But let's just say you don't want to deal with the difficulties of finding a shared office space, or paying for it, or putting on pants in the morning. Are there ways to make your work-from-home routine a bit more productive, and you, yourself, ever so slightly more efficient, all the while remaining firmly planted upon your own couch? I talked to a few of the Internet's most skilled work-from-homers (as it happens, I am no slouch in this regard either, though I often dress like one when I work from home) for their best filing-from-the-couch advice.
Get Dressed in Some Form or Fashion. I'll admit I usually break this rule when I do find myself working from home. I roll out of bed in sweatpants and a T-shirt, move my laptop to my lap as I sit on the couch, and if it's a working-from-home day (as it was frequently during my recent book leave), I'll stay that way until maybe noon, when, yes, I might put on something a little nicer, particularly if I've ordered in food and will feel ashamed about my outfit. I have experimented with donning workout clothes first thing in the morning; this has the added benefit of making you feel sporty and energetic even if you never get to the gym! STFU, Parents blogger and author Blair Koenig tells me, "One thing I'll always remember is when I told a woman at a party that I work from home, she was super confused and asked me all these questions. She was like, 'So do you make sure to get to your desk by 9 on the dot?', 'Do you get dressed right away?' and—my favorite— 'Do you wear shoes?' Haha. Get dressed when you get out of bed. It makes you feel more alert, and it allows you to open the door for packages without scrambling for a bra." As for the shoes, is there broken glass in the house? Then you should probably go into the office. As for that woman at that party, she should perhaps get out of her own house more often.

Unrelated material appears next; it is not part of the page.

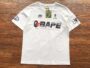 T-shirt - Image 2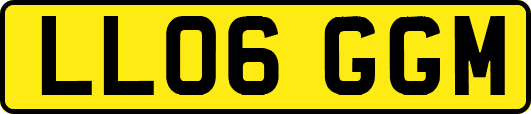 LL06GGM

Consider Your Resources. In the wise words of Grantland work-from-homer Rembert Browne, "Have good enough internet, but not incredible internet. You need to leave the house sometimes, and the Time Warner Cable/Internet package will see to it that you do, because it will stop working every 97 minutes, forcing even the staunchest homebody out for fresh air or even a change of location." Take these lessons further, across your entire work-from-home mantra. Have a good enough computer, but not an incredible computer. Have a good enough desk, but not an incredible desk. Have a good enough mug of coffee next to you, but not an incredible one (it would only be incredible if it was bottomless, and also full of money, right?), because whether you're in the office or working from home, it's good to get up now and again, to stretch your legs and get some air and another cup of coffee. For the prevention of blood clots and whatnot.
Take Advantage of the Great Opportunities that Have Befallen You! Because you can. Because you can. "People who work from home often don't have set hours, and therefore work longer hours, so fuck it, have a glass of champagne with your sandwich for lunch," says Koenig. Or a beer with your afternoon snack. I'd suggest, also, picking up dry-cleaning or making a trip to the post office mid-day, running out for a sandwich around 3 p.m. in your sweatpants, scheduling a non-rush-hour-timed doctor's appointment, and even taking a coffee meeting around the corner from your home-workplace when and if you feel like it, because you can. (And you can work outside, too.) If you have a dog and you work from home, pet your dog.